Se dice con razón que donde hay caridad y amor, allí está Dios; y se me ocurre que podríamos dar la vuelta a la frase, diciendo con toda verdad que DONDE ESTÁ DIOS, ALLÍ HAY CARIDAD Y AMOR. Me atrevería a decir que la calidad incluso humana de una familia depende, en buena parte, de cómo es aceptada en aquella casa la presencia de Dios, porque Dios es la fuente y origen de todo bien, y sus bendiciones se derraman sobre la familia que vive a su presencia. El Señor mira con amor cuanto ocurre en aquella casa, hasta el punto de verter su bendición sobre ella: Esta es la bendición del hombre que teme al Señor: El Señor te bendice desde Sión, que veas la prosperidad de Jerusalén todos los días de tu vida.
San Pablo nos ha recomendado que nos revistamos de sentimientos propios de los elegidos, como son: misericordia, bondad, humildad, dulzura, comprensión, y que la palabra de Cristo habite entre nosotros con toda riqueza. La presencia de Dios en el seno de la familia es como el sol, que da calor y luz a todas las cosas y las vivifica.
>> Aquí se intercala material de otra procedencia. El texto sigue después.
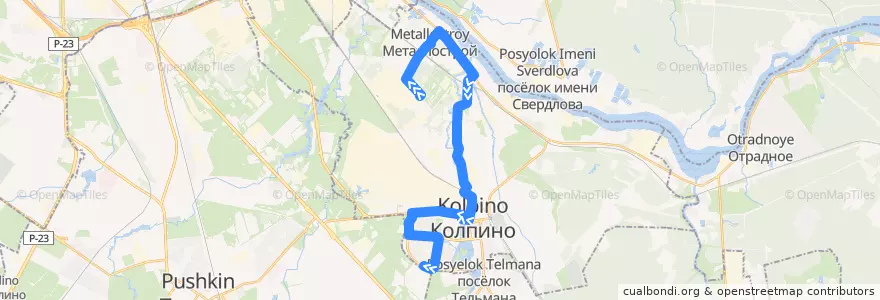 Mapa del recorrido Автобус № 337: дорога на Металлострой => Колпино, Заводской проспект de la línea  en Колпинский район.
Por el contrario, la ausencia de Dios deja la vida personal y familiar como noche de invierno: oscura, fría e interminable.
Cuando oímos hablar, en nuestro tiempo, del fracaso de tantas familias y de la infelicidad o la indiferencia de tantas otras, no podemos evitar el pensamiento de que allí Dios no ha sido invitado o que, por lo menos, ha sido relegado a último lugar.